| Work required |
When you restate the data, keep every word as it is and drop the images.

[Source material Boundary: Start]

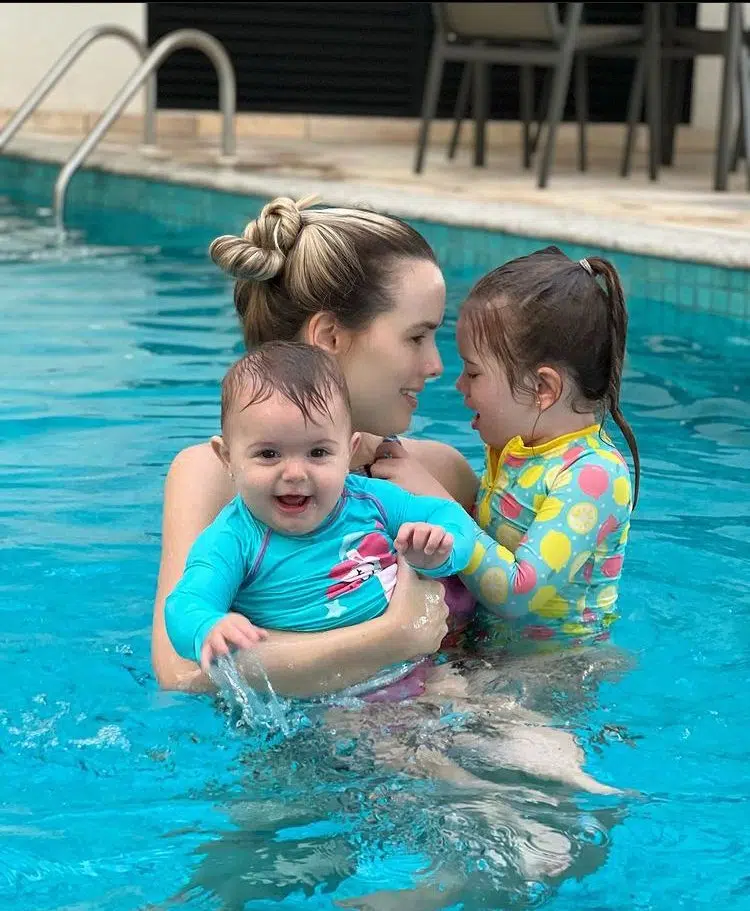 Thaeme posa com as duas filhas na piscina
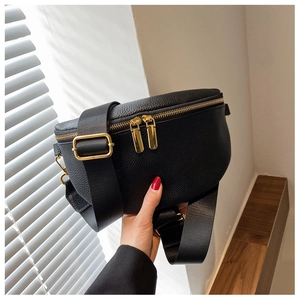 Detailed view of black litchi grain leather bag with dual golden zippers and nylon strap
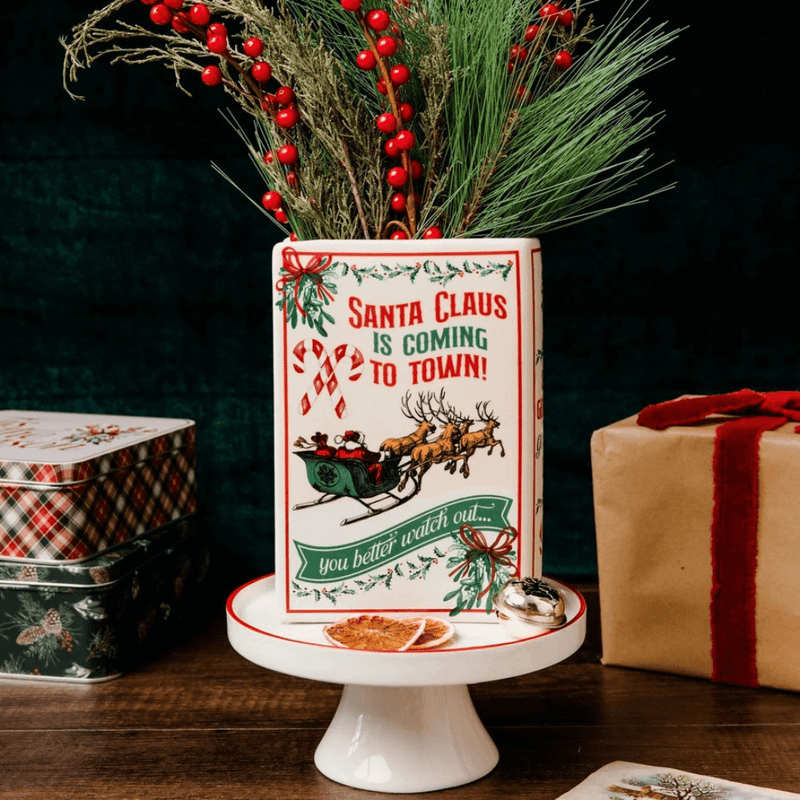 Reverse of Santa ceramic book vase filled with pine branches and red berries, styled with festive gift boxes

[Source material Boundary: End]

| Exercise output |
 Thaeme posa com as duas filhas na piscina
 Detailed view of black litchi grain leather bag with dual golden zippers and nylon strap
 Reverse of Santa ceramic book vase filled with pine branches and red berries, styled with festive gift boxes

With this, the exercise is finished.